Read your Google reviews. The language your customers use is the language other customers search with. If three people mention “really tidy worker” in reviews, put “I leave the job site tidy — every time” on your website. You're mirroring what people already value.
A Bradford barber had reviews saying “best skin fade in BD1.” He put “skin fades” in his service list and his Google Business Profile. Now he ranks for it. The customers wrote his SEO for him.
What good business writing looks like
Here are three real examples I've rewritten for local businesses. Names changed, but the situations are real.
Plumber, Shipley: “Gas Safe registered plumber (no. 548271). Boiler installs, repairs, and servicing. Emergency callouts same day. Covering Shipley, Saltaire, Baildon, and Bingley. 14 years in the trade. Most of my work comes through word of mouth — happy to provide references.”

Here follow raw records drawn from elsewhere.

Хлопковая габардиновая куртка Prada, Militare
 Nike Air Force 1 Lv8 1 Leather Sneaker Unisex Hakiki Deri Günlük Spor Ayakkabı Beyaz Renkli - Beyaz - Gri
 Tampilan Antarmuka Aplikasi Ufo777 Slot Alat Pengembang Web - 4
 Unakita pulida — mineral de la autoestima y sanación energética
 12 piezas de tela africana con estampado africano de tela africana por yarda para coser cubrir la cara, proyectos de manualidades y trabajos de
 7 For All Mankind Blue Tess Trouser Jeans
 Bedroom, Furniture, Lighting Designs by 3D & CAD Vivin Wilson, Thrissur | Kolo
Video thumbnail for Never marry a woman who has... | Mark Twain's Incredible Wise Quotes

Dog walker, Saltaire: “I walk dogs around Roberts Park, the canal towpath, and Hirst Wood. Small groups only — max four dogs at a time. DBS checked, insured, pet first aid trained. Been walking professionally for three years. Your dog comes home tired and happy.”
Café, Bingley: “Coffee shop on Main Street. Open 7:30 to 4, Monday to Saturday. Proper coffee, homemade cakes, bacon sandwiches. Dog-friendly, kids welcome. We've been here since 2019 and most of our customers are regulars.”
What to do this week
- Open a notes app and describe your business out loud, then write down exactly what you said. No editing yet.
- Read your last 10 Google reviews and write down the three words or phrases customers use most often.
- Delete every instance of “we pride ourselves” and “don't hesitate to contact us” from your website.
- Add your actual towns and postcodes to your about page and service descriptions.
- Add a real photo of yourself to your about page. Phone camera is fine.
- Read the getting more customers guide and check your website follows the same patterns.
Good business writing isn't clever writing. It's clear writing. Say what you do, where you do it, and why people keep coming back. If a stranger in the Fanny Hawkins on Otley Road could understand it after two pints, you've nailed it.